Tahttan feragat etmeden hemen önce bastırdığı paranın üzerine şunu yazdırmıştı:
"Ne gerekli bana, ne de yeterli!"
Ona hayran olmam için sadece bu bile yeterliydi.
Bir de bunun üzerine Papa VII. Alexander'ın onun hakkında söylediği şu sözleri okuyunca "tamam" dedim, "işte şahane bir karakter!"
Papa onu şöyle tanımlamıştı: "Ülkesiz bir kraliçe, inançsız bir Hristiyan ve utanmaz bir kadın!"
Kristina eşcinseldi ve takdir edersiniz ki o yıllarda bunu açıkça yaşamak kolay değildi.
Neyse ben tarihçi değilim, konumuz "para".
Bizim her konuda bir söz uydurmuş atalarımıza bakılırsa "parayla saadet olmaz"!
"Para dediğin elinin kiri" diyenler ile "para isteme benden, buz gibi soğurum senden" diyenlerin de aynı milletin ataları olması da nasıl bir "pragmatizme" karşılık geliyor, düşünmekte yarar var.
Norveç'teki Agder Üniversitesi, 67 ülkede, 46 bin kişilik bir denek topluluğu ile "para" konulu bir araştırma yaptı.
Araştırmaya göre insanlar, zenginlerin kötü insanlar olma olasılığının daha yüksek olduğuna inanıyorlar.
Fakirlerin ise daha yüksek ahlaki standartları olduğuna yönelik yaygın bir inanç tespit edilmiş.
Ve insanların zengin fakir ayrımı yapmadan büyük çoğunluğu paranın mutluluk getirse bile bunun geçici olduğuna inanıyor.
Fakirliğin tesellisi
İsveç Kraliçesi Kristina'yı hatırlamama ve rahmetle anmama neden olan da işte bu araştırma.
Araştırma raporunun tümünü görmedim, size aktardığım bu bilgi İsmet Berkan'ın Bülten'inde okuduğum kadarıyla.
Ve bu kadarıyla söylemeliyim ki fakirliği, fakirler nezdinde meşru ve yüksek ahlaki standart haline getirmeyi amaçlıyor olma ihtimalini gözden uzakta tutmamakta da yarar var.
Fakirliğe bir teselli bulma ve fakirlere "halinize şükredin, iyi ki zengin olmadınız, bakın onların hepsinin ahlaki sorunları var" deme arayışı değilse de bu sonucu yaratıyor diye düşündüm.
Bizim toplumumuzda da karşılığı var ve bizler "çok laf yalansız, çok para haramsız olmaz" düsturuna inanırız.
Oysa ikisinin birden olabilmesi mümkündür.

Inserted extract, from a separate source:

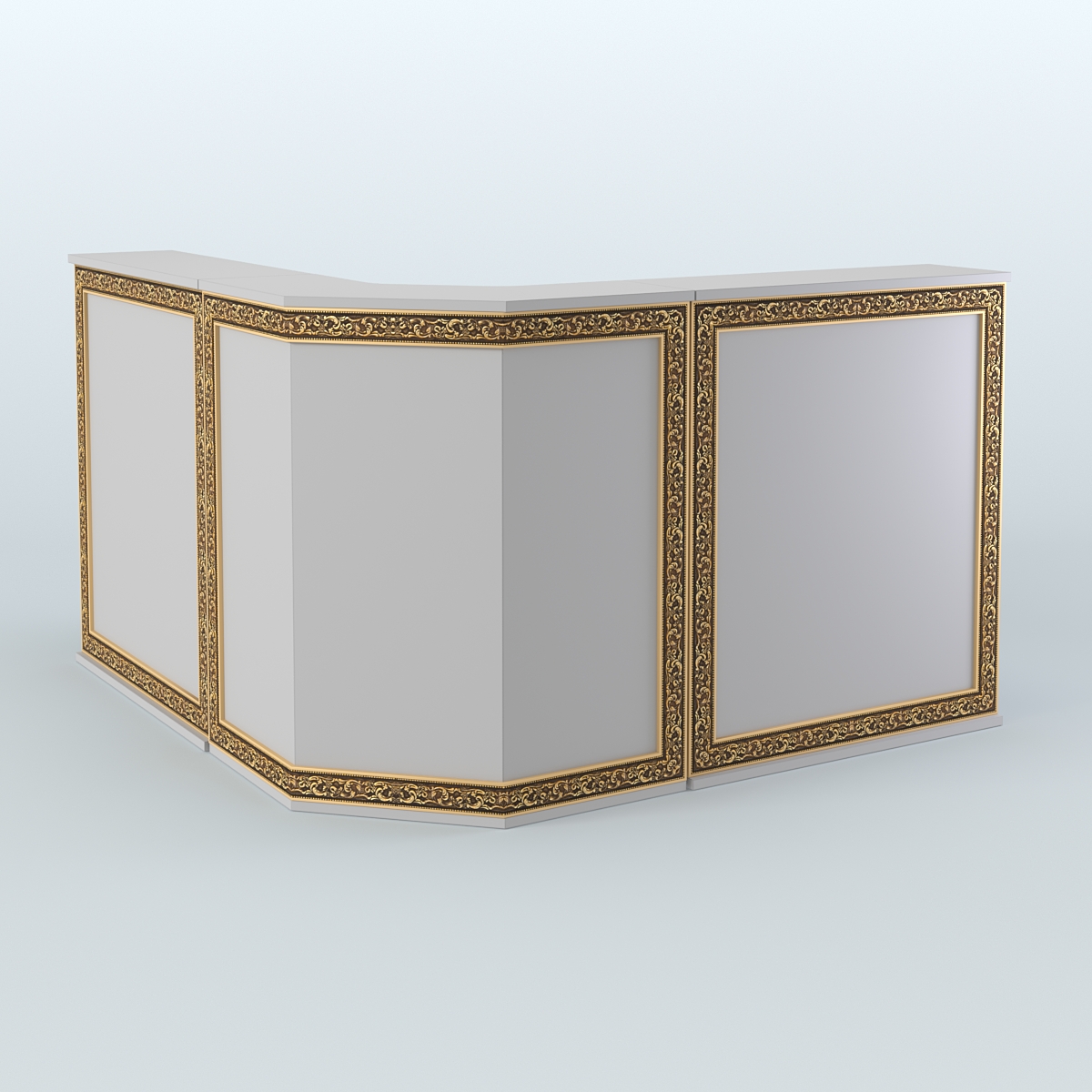 Ресепшен большой серии БАРОККО №5 Серый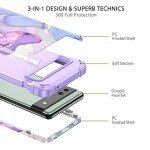 Hekodonk for Google Pixel 6A Case (2022),Heavy Duty Full Body Shockproof Protection Hard Plastic+Silicone Rubber Hybrid 3 in 1 Protective Phone Case for Google Pixel 6A,Amethyst Purple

Çok söz söylemek için yalana başvurmak nasıl gerekmiyorsa, çok para kazanmak için de hırsızlık yapmak gerekmez.
Marxist Değer Teorisi'ni burada tartışmaya katmıyoruz çünkü emeğin yarattığı artı değerin sermayenin hesabına yazılması ahlaki değil, sistemsel nedenlerle gerçekleşir.
"İşçiler kazandıklarını harcarlar, kapitalistler harcadıklarını kazanırlar" da karşı cenahtan bir aforizma!

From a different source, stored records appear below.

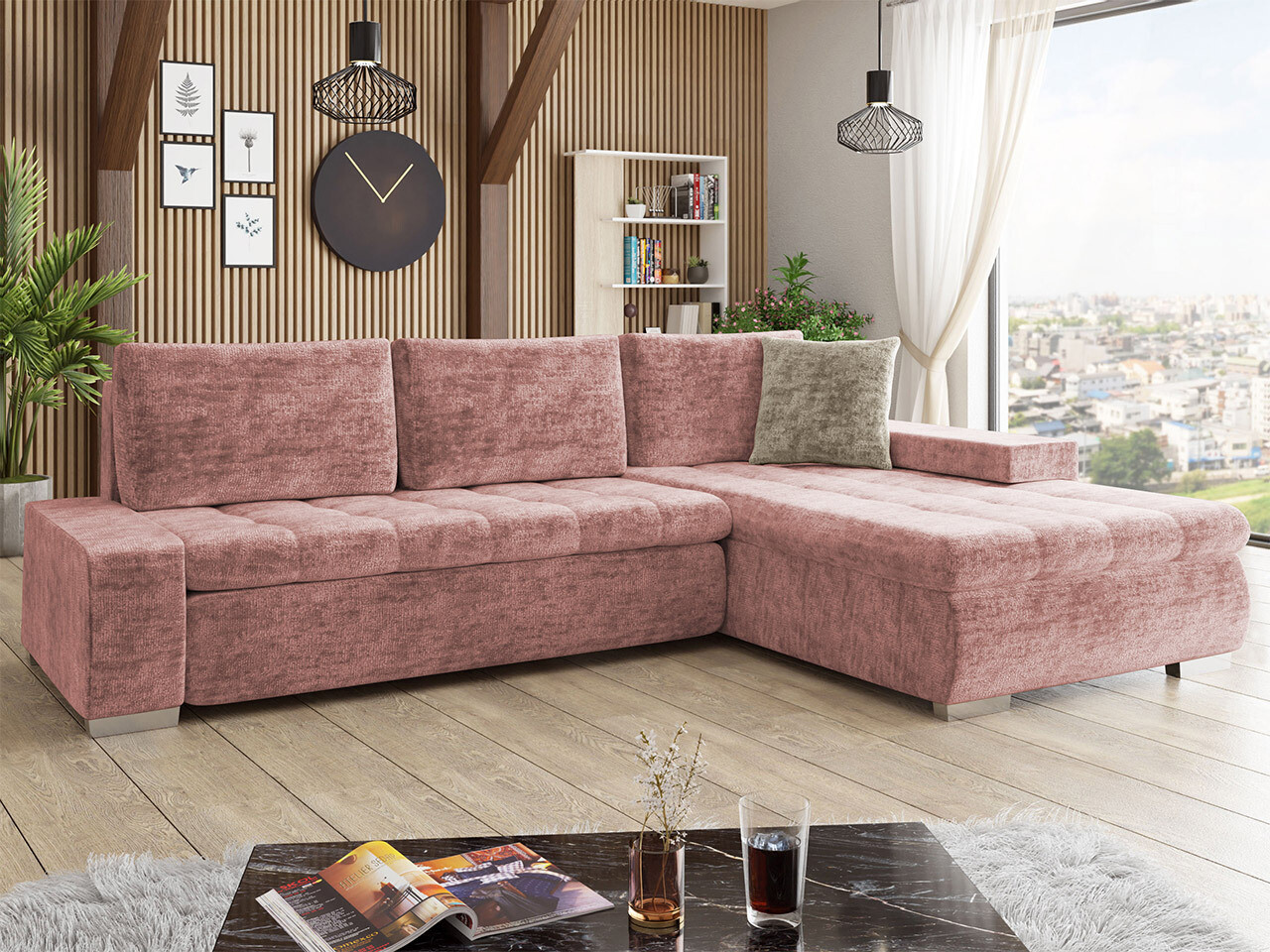 Ugaona sofa Comfivo 147 (Miu 2034 + Miu 2041)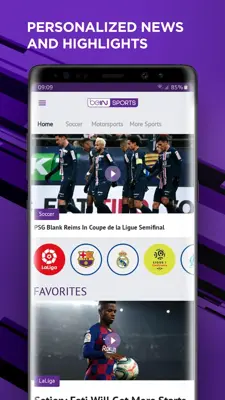 beIN SPORTS android App screenshot 1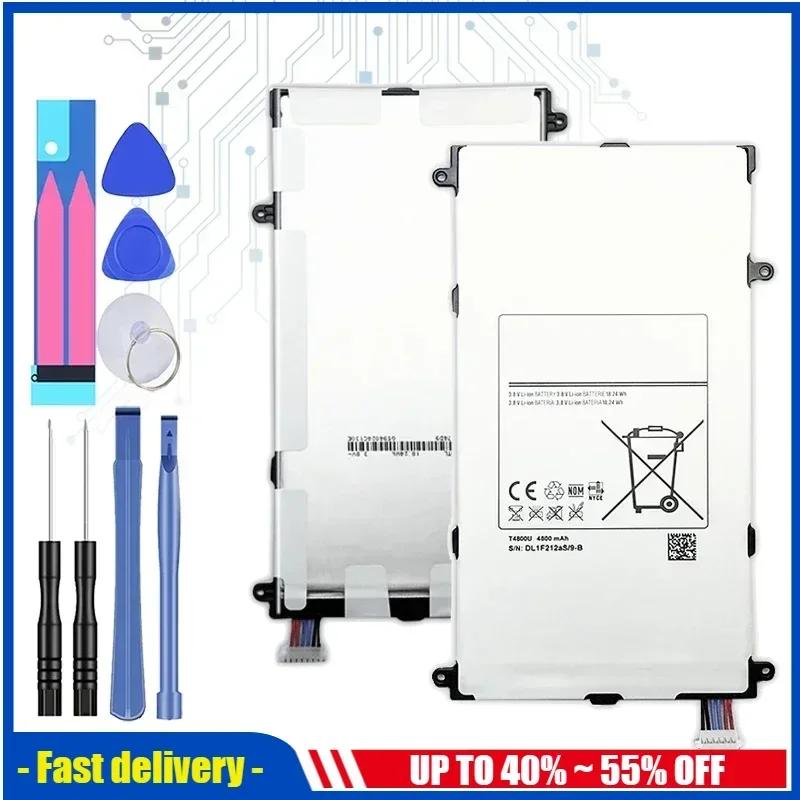 Battery For Samsung Galaxy Tab 2 3 4/S S2 S3/A E (7.0 8.0 8.4 9.6 9.7 10.1 10.5) Pro 8.4/Note 8 12.2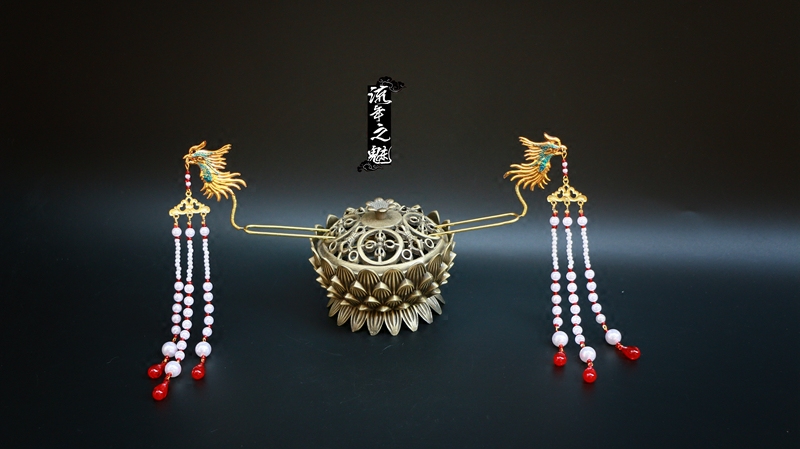 古装头饰流年之魅87版红楼梦凤钗汉服影视用凤发饰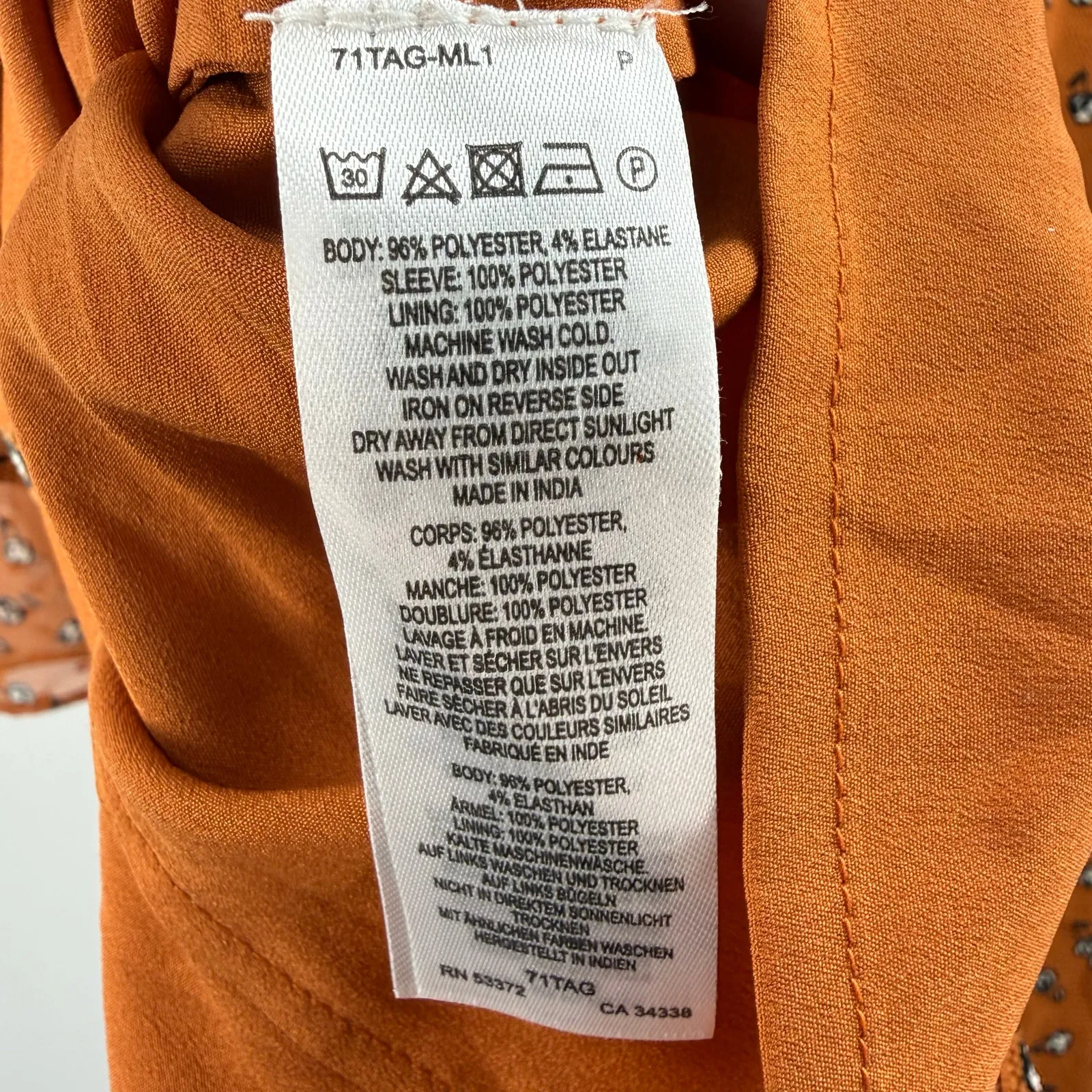 French Connection Dress Large Francine Callie Drape Smock Midi Ditsy Floral NWT - Image 13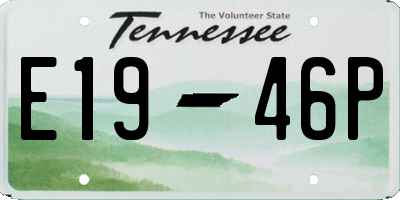 TN license plate E1946P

Bizim toplumumuz para konusunda çok katı kurallarla çizilmiş ahlaki standartlara sahip değil.
Pragmatik insanlarız.
Yararı parayla ölçen, bireysel çıkarları her şeyin üstünde gören bir pragmatizm.

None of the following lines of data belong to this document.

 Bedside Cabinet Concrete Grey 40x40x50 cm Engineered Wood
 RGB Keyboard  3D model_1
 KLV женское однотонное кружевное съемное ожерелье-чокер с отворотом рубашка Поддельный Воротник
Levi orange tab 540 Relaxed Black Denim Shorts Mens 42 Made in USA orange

Türk - İslam sentezinin doğal sonucudur desem, bana kızacak çok insan çıkar ama tartışabilirim.
Pragmatizm akımının önde gelen düşünürlerinden John Dewey "bilmek" eyleminin büyük ölçüde "yolunu bilmek" olduğunu ileri sürmüştü.
Hedefe ulaşabilmek için en kısa yolu bilmek!
"Yolunu bulmak"
Çağdaş Türk pragmatizminin bunu "yolunu bulmak" olarak değiştirdiğini hiç utanmadan, çekinmeden söyleyebiliriz.
İşte "çağdaş Türk pragmatizmi" dediğim şey bu:
Ucunda para varsa, o paranın ne yolla geldiği, bunun ahlaki olup olmadığı, toplumsal bir sorumluluk yükleyip yüklemediği gibi konular önemini yitiriyor.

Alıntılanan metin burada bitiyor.